Jak wynika z badania uniwersytetu SWPS i They.pl, 58 proc. "zetek" czerpie dochody z pracy zarobkowych. 72 proc. deklaruje, że otrzymuje pieniądze od rodziny. Choć w tej grupie znajdują się również wcześniej wspomniane osoby niepełnoletnie i studenci, to najstarsi przedstawiciele pokolenia Z skończą w tym roku 29 lat. Jest więc spora grupa w tej generacji, która od lat jest na rynku pracy.
Czy pokolenie Z jest oderwane od rzeczywistości? Chcą wysokich pensji, ale oszczędzają pieniądze
Jakie są więc oczekiwania finansowe "zetek"? 40 proc. z ankietowanej grupy twierdzi, że na "spokojne życie" potrzebna jest wypłata powyżej 7,5 tys. zł, dla 39 proc. wystarczy 5 tys. zł, a 15 proc. aż 10 tys. zł. Podawane powyżej kwoty są zarobkami "na rękę".
Jak zaś wygląda podejście "zetek" do wydatków? 57 proc. deklaruje, że oszczędza pieniądze, a 28 proc., że całe ich dochody przeznacza na utrzymanie. Jednocześnie 26 proc. odkłada na cele długoterminowe, taki sam odsetek na krótkoterminowe. 7 proc. deklaruje, że inwestuje, 3 proc. na giełdzie, 2 proc. w kryptowaluty. Jednocześnie tylko 2 proc. badanych odkłada na emeryturę.

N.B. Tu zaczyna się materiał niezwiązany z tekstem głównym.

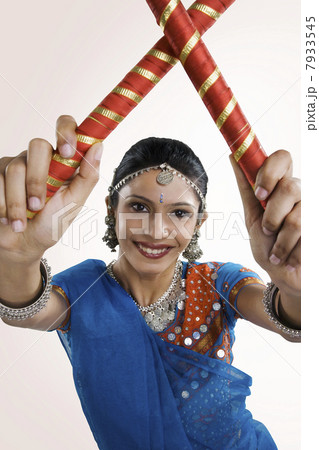 Gujarati woman performing dandiya Gujarati woman performing dandiya 7933545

Ponadto "zetki" stać na konsumpcję, bo 77 proc. z nich deklaruje, że wydaje tj. kulturę, subskrypcje, czy życie towarzyskie. Badani twierdzą również, że "pieniądze nie dają szczęścia", ale podkreślają, że są potrzebne do spokojnego życia. Co ciekawe, tylko 6 proc. z badanych ocenia, że ich sytuacja finansowana zdecydowanie nie będzie lepsza niż rodziców, a 12 proc., że nie będzie lepsza.